SAG-AFTRA already covered advertising done by YouTubers. But this expansion to include anyone who creates branded content and posts it on their social media platforms. All social media channels qualify. It covers video and audio work only, not still imagery. But Instagram or Facebook Stories, and TIkTok videos are considered “video” for the purposes of qualifying union members.
There’s no minimum contract amount required. The influencer in question only has to be incorporated as a business, have a signed contract with an advertiser for a branded content deal, and host the content on the influencer’s platforms. So creating content exclusively for a brand partner’s channels may not qualify unless coupled with influencer-hosted content.
Another Step in the Right Direction
The move by SAG-AFTRA makes perfect sense for it as the more high-follower influencers are creating content very similar to that of filmmakers, television and radio broadcasters—members of the union. It will increase its own membership and revenues as you have to pay dues to be in. (For the influencers out there reading, it’s $3,000 initiation and around $225 per year, plus a small percentage of the income you report. See the full list of benefits and dues at SAG-AFTRA’s website.)
But the move is an excellent evolution in the maturity of the influencer space as a whole. While the only influencers or content creators who will likely be able to afford SAG-AFTRA dues for their projects are those with higher rate cards and lots of followers, those are the types who likely don’t have other jobs to fall back on and need the benefits of union representation.
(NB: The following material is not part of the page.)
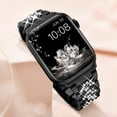 thumbnail image 4 of Bracelet Compatible with Luxury Diamond Stainless Steel Metal Watch Band with Diamond Bezel Ring Protective Case, 4 of 9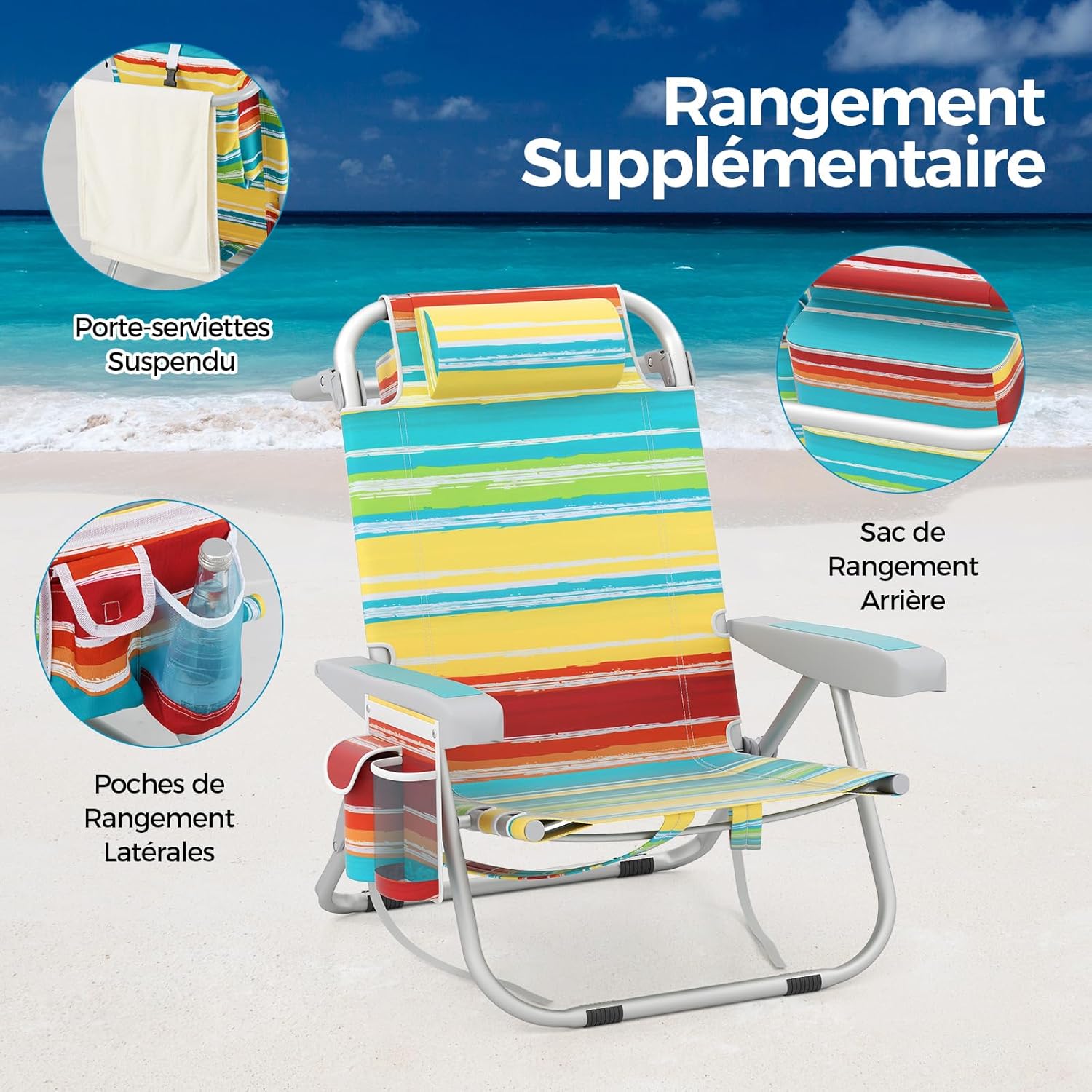 Cadeira de praia dobrável, porta-copos, porta-toalhas, almofada para a cabeça, carga máxima de 150 kg (62 x 54 x 80 cm, riscas azuis claras, 2) - 6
It does present a minor challenge for brands. If influencers operate like entertainment industry members, they will tack on SAG-AFTRA project dues (1.575 percent of all payments up to $500,000) to the brand’s cost for their services. So an influencer that used to charge $5,000 for a project will now charge an extra $78 to cover their union fees. At that level, it’s a rounding error, but an annoying one.
Still, it’s overall a good thing for everyone involved. Influencers now not only have the power of collective bargaining and necessary benefits afforded to most people with full-time jobs, but they can access some degree of professional credibility. I’d be apt to think someone with their SAG card is perhaps more serious about their role in helping my brand produce a return for my investment than someone who may not have one. It shows brands and agencies they’re serious about their job.
The brands get that reassurance and may also see some influencers reduce rates, or at least slow down the increases in their fees, because they’ll no longer have to account for completely out-of-pocket healthcare and retirement costs.
The move is another event in the maturation of the industry which seems to be happening at a much faster pace now than in the last 18-24 months. For those who still doubt the efficacy of influencers or influencer marketing, the industry is one step closer to erasing your fears.